RECORDS SHOWN ::
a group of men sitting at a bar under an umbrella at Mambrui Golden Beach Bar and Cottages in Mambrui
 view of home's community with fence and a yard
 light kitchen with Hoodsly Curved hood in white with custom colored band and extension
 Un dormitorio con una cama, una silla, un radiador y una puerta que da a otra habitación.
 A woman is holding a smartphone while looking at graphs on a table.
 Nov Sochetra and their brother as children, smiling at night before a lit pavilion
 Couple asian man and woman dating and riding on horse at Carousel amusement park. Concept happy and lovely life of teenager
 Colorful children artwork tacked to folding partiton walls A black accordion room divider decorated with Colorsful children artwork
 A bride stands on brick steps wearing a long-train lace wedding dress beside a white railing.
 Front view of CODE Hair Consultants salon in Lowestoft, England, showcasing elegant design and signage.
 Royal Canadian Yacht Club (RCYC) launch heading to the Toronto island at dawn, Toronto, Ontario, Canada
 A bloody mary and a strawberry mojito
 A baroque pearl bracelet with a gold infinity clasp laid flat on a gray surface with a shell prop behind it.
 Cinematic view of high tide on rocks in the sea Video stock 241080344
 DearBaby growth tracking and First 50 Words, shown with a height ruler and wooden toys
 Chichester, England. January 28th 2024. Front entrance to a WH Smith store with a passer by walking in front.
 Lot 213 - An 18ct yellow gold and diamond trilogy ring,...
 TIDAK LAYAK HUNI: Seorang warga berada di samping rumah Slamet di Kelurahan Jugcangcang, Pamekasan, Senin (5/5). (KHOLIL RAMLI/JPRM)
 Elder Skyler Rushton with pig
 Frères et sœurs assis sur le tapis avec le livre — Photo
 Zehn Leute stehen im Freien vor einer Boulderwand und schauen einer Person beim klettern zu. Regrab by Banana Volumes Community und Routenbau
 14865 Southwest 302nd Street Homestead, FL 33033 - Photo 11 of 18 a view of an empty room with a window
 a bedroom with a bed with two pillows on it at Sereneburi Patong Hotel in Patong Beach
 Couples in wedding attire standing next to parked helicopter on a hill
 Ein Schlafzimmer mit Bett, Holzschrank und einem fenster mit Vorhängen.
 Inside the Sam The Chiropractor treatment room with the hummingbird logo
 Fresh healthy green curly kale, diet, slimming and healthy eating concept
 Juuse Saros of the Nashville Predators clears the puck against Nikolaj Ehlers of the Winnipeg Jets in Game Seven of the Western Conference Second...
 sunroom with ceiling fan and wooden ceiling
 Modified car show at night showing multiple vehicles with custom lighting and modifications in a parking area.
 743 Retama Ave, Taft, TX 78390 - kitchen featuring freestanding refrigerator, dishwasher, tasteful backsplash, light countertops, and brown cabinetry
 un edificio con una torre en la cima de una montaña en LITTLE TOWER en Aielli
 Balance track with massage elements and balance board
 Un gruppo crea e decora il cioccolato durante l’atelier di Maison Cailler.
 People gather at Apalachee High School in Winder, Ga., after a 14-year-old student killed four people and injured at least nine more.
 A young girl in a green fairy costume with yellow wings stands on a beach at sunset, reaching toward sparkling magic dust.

TASK BRIEF :: After locating the line that holds "un edificio con", print it and each line after it through the end of the data, exactly as it stands.

OUTPUT OF THE TASK ::
 un edificio con una torre en la cima de una montaña en LITTLE TOWER en Aielli
 Balance track with massage elements and balance board
 Un gruppo crea e decora il cioccolato durante l’atelier di Maison Cailler.
 People gather at Apalachee High School in Winder, Ga., after a 14-year-old student killed four people and injured at least nine more.
 A young girl in a green fairy costume with yellow wings stands on a beach at sunset, reaching toward sparkling magic dust.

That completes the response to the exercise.